Problem to solve: Gather, from the data below, each line in which the word "sale" occurs.

======== Dataset excerpts

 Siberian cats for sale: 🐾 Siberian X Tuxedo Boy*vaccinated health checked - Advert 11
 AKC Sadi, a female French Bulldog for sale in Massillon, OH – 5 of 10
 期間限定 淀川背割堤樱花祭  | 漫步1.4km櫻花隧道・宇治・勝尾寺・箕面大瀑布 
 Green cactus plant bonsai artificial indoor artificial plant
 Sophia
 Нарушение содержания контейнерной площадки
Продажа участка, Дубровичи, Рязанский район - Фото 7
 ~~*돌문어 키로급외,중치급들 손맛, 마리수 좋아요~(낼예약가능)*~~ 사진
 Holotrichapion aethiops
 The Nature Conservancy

================
======== Dataset excerpts

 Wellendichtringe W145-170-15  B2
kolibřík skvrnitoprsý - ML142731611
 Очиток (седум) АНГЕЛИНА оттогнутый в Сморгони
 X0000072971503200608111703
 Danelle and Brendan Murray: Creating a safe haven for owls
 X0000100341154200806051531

================

Answer for this exercise:
 Siberian cats for sale: 🐾 Siberian X Tuxedo Boy*vaccinated health checked - Advert 11
 AKC Sadi, a female French Bulldog for sale in Massillon, OH – 5 of 10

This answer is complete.